It happens all the time. You make an experiment on nonlocality or steering, and you want to test whether the data you collected is compatible with hidden variables. You plug them into the computer and the answer is no, they are not. You examine them a bit more closely, and you see that they are also incompatible with quantum mechanics, because they are signalling. After a bit of cold sweating, you realize that they are very close to non-signalling, all the trouble happened because the computer needs them to be exactly non-signalling. You then relax, project them onto the non-signalling subspace, and call it a day.
Never do this. Experimental data is sacred. You can’t arbitrarily chop it off to fit your Procrustean bed.
First of all, remember that even if your probabilities are strictly non-signalling, the probability of obtaining relative frequencies that respect the no-signalling equations exactly is effectively zero. There’s nothing wrong with “signalling” frequencies. On the contrary, if some experimentalist reported relative frequencies that were exactly non-signalling I’d be very suspicious. What you should get in a real experiment are frequencies that are very close to non-signalling, but not exactly1.
“That doesn’t help me”, you reply. “I can accept signalling frequencies all day long, but the computer still needs them to be non-signalling in order to test hidden variable models.”
Sure, but what the computer needs are non-signalling probabilities, that you should infer from the signalling frequencies.
“Exactly, and to infer non-signalling probabilities I just project the frequencies onto the non-signalling subspace.”
No! Inferring probabilities from frequencies is the oldest problem in statistics. People have studied this problem to death, and came up with several respectable methods. There’s no point in reinventing the wheel. And if you do insist in reinventing the wheel, you’d better be damn sure that it’s round.

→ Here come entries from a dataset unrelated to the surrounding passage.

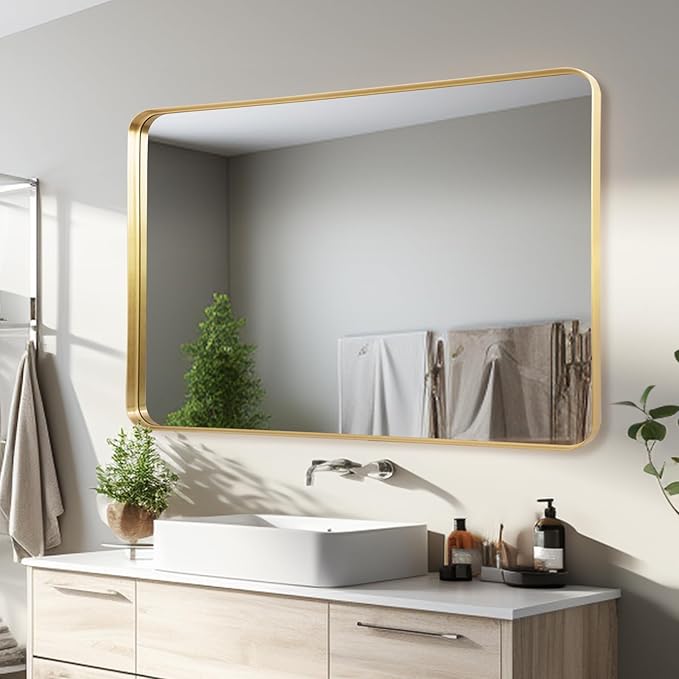 Wall Mirror 30" x 40" for Bathroom Gold Metal Deep Frame Rectangular Round Corner Wall Mounted Vanity Mirror for Bedroom Living Room Entryway Wall Decor
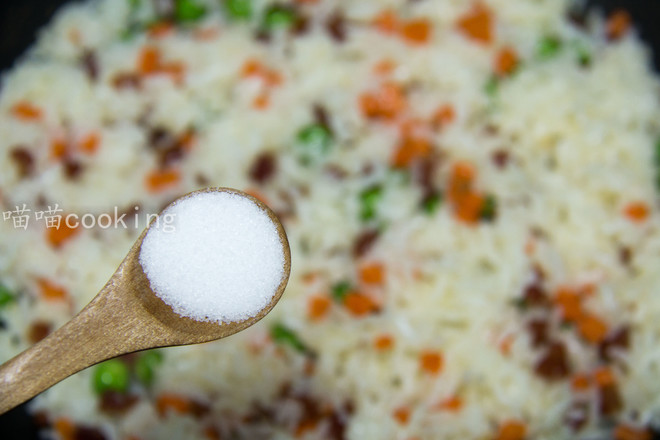 Fried Rice with Sausage and Pea recipe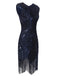 DUNKEL BLAU 1920ER FRANSEN GATSBY FLAPPER KLEID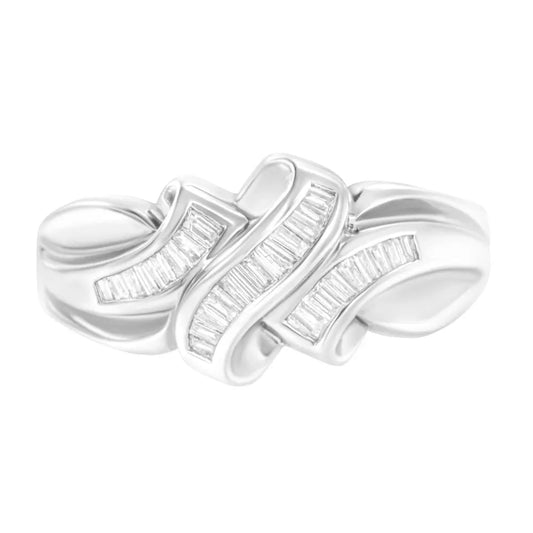 14K White Gold 1/3 Cttw Channel Set Baguette Diamond Bypass Ring Band (H-I Color, SI1-SI2 Clarity) - Bijoux-NYC Direct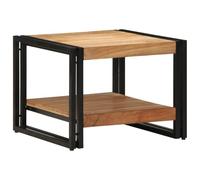 HETFTJN Tavolino da Salotto in Legno Massello di Acacia con Telaio Ferro 50x50x38 cm Piccolo Tavolino Bassetto Robusto Stabile Multifunzionale per Soggiorno Camera da Letto Esterno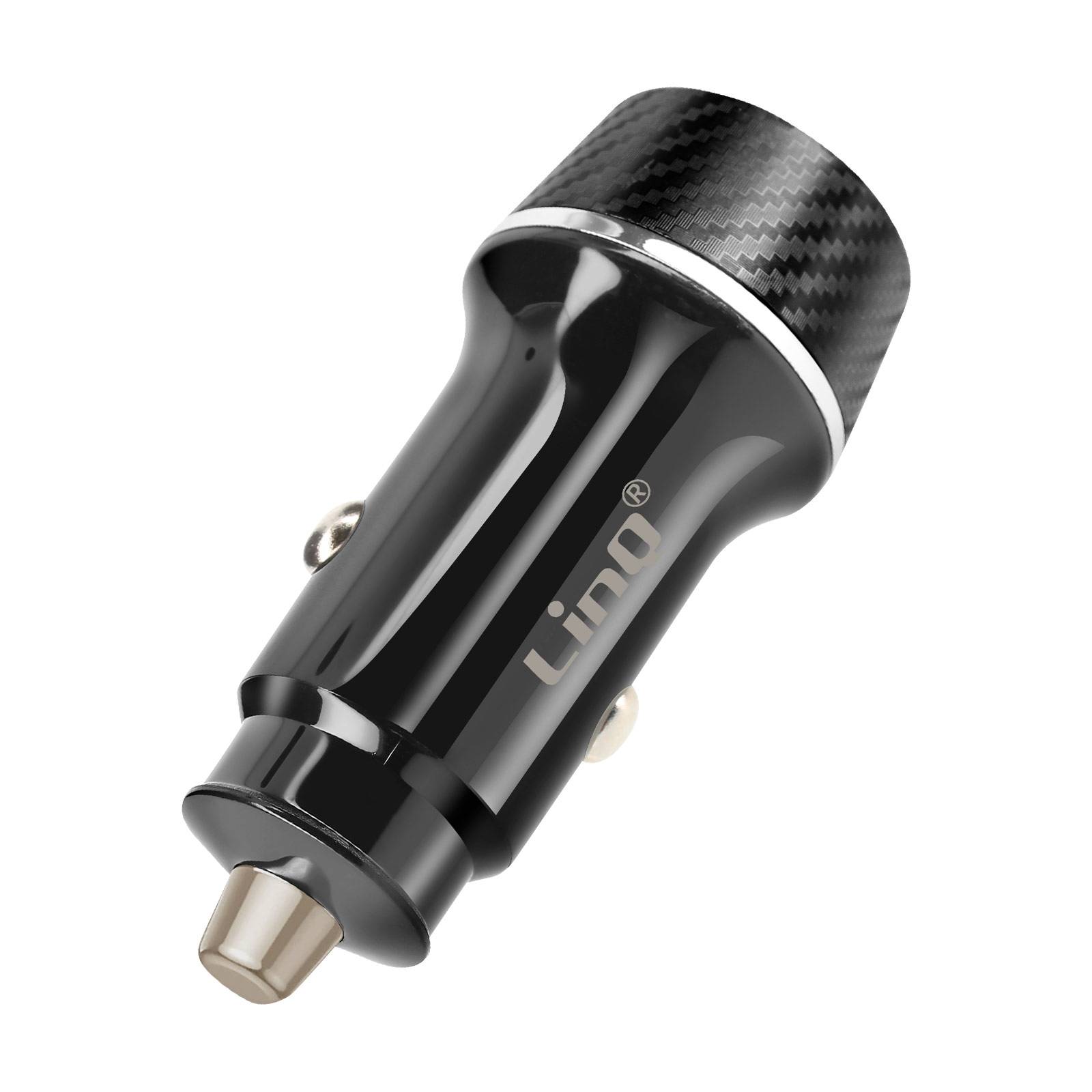 Chargeur Voiture 38W USB-C + USB Charge Rapide Design Carbone-1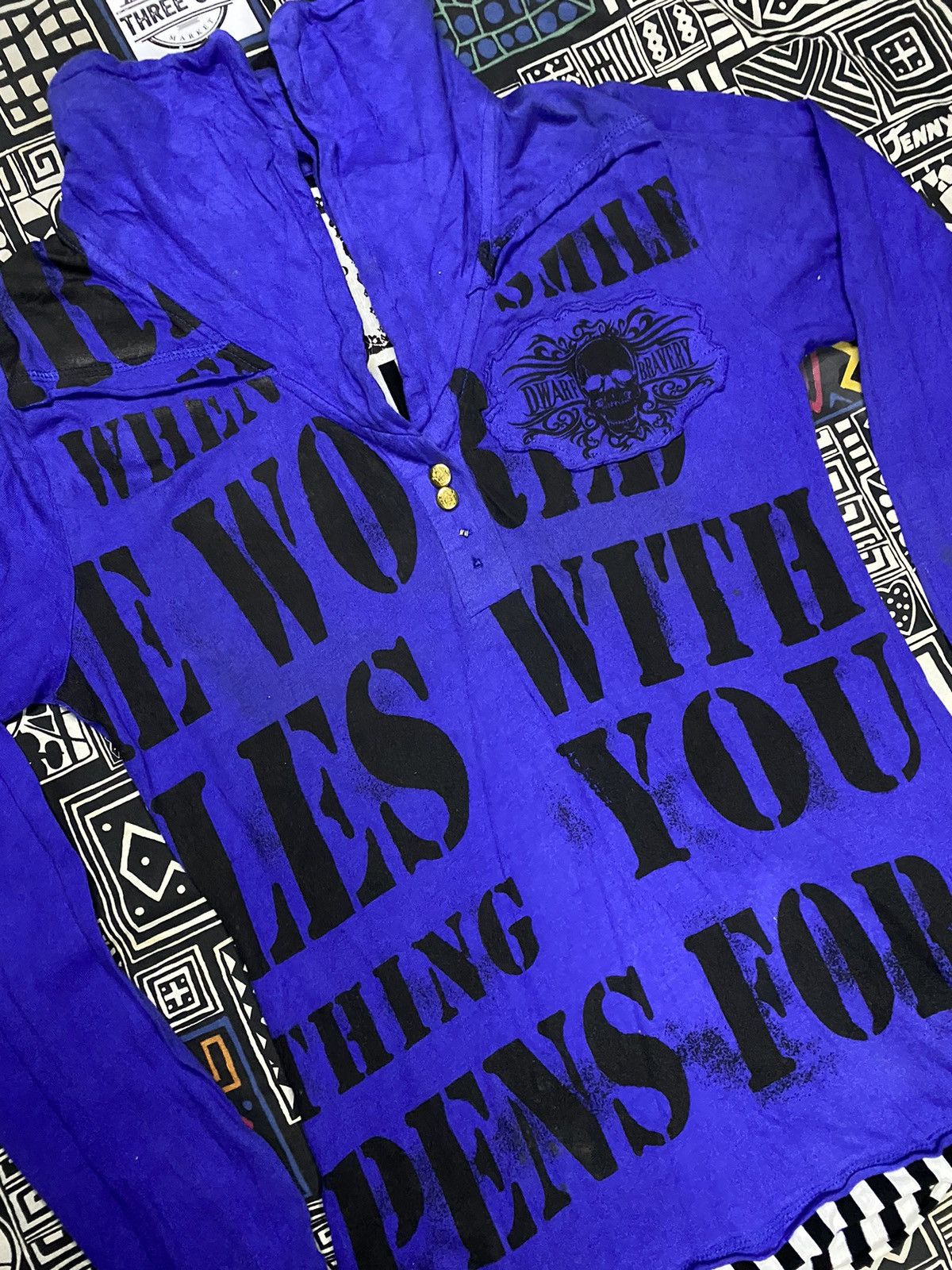 14th Addiction × Japanese Brand × Le Grande Bleu (L.G.B.) Dig Deep Skulls Double Colar Longsleeve T shir Size US L / EU 52-54 / 3 - 3 Thumbnail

To make it clear that this projection technique is a square wheel, I’ll examine in detail a toy version of the problem of getting non-signalling probabilities. The simplest case of the real problem involves getting from a 12-dimensional space of frequencies to a 8-dimensional non-signalling subspace, which is too much to do by hand for even the most dedicated PhD students2. Instead I’ll go for the minimal scenario, a 2-dimenionsal space of frequencies that goes down to a 1-dimensional subspace.
Consider then an experiment with 3 possible outcomes, 0,1, and 2, where our analogue of the no-signalling assumption is that $p_1 = 2p_0$. The possible relative frequencies we can observe are in triangle bounded by $p_0 \ge 0$, $p_1 \ge 0$, and $p_0 + p_1 \le 1$. The possible probabilities are just the line $p_1 = 2p_0$ inside this triangle. Again, if we generate data according to these probabilities they will almost surely not fall in the $p_1 = 2p_0$ line. Let’s say we observed $n_0$ outcomes 0, $n_1$ outcomes 1, and $n_2$ outcomes 2. What is the probability $p_0$ we should infer from this data?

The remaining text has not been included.